I wonder how readable is to someone who isn't experienced in Haskell. To me reads like a breeze, but I have a project using the exact same parsing library so maybe that puts me at an advantage.
The language-c library he uses is an excellent one, it's a fully spec compliant C parser that's well maintained. I've based my C compiler on it and I haven't encountered any C code it couldn't parse yet. One time I upgraded to a new OSX and Apple added some stupid thing to their headers that broke the parser and a fix was merged within days. This means it takes away the entire headache of parsing C leaving just the actual compiling.
The documentation is amazing. One problem I find with rendered literate haskell is that it because quickly unclear how the indentation across blocks of code fits together. It would be nice if there was some kind of renderer that kept the indentation in the docs, or had some kind of "indentation guide".

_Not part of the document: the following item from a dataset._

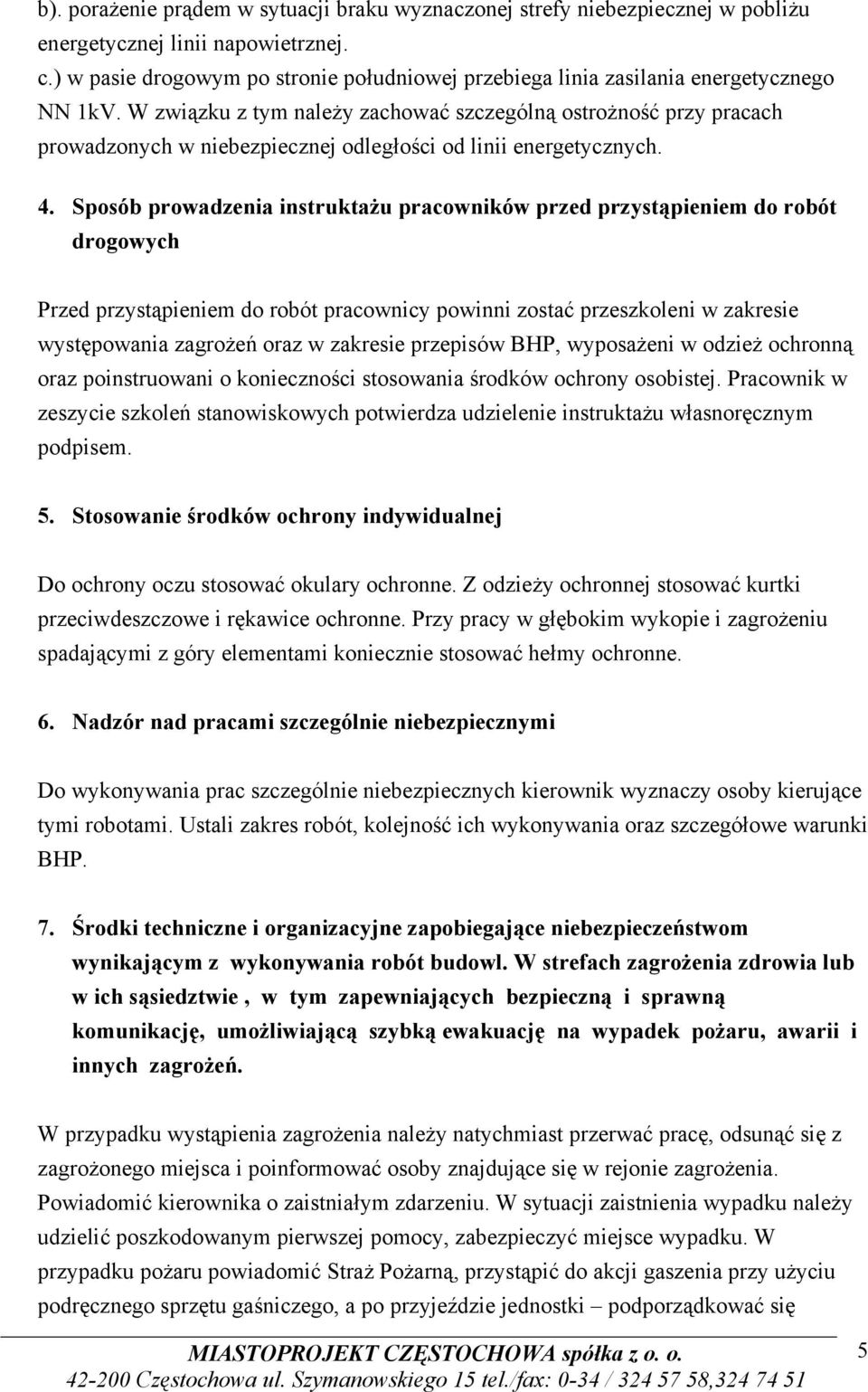 W związku z tym należy zachować szczególną ostrożność przy pracach prowadzonych w niebezpiecznej odległości od linii energetycznych. 4.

By "some stupid thing to their headers" are you referring to nullability annotations? I'm not sure what else Apple would have added to pure C headers (as opposed to obj-c) any time in the past few years.

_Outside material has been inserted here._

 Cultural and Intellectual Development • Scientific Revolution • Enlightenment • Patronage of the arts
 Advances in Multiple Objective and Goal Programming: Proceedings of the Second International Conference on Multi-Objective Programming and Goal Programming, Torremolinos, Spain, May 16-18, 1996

I wanted my compiler to be able to compile a hello world. Something which would be trivial in any language, though of course not C. In C the first line of hello world is "#include<stdio.h>". No doubt known to you, that file is a veritable quagmire of incomprehensible C constructions, specific to each operating system. So I spent a few too many nights getting my compiler to get any possible C declaration known to mankind into its symboltables, just so I could get it to the code generator phase and emit all of three or so instructions.
I forgot what the change was, and I can't find the commit that fixed it, as it seems active development on the library has resumed.
That was many years ago. I was assuming tinco was referring to something more recent. Besides, AFAIK, every usage of blocks in Apple's headers is guarded by an #if check to make sure blocks are supported, so compilers that don't support blocks won't even see them.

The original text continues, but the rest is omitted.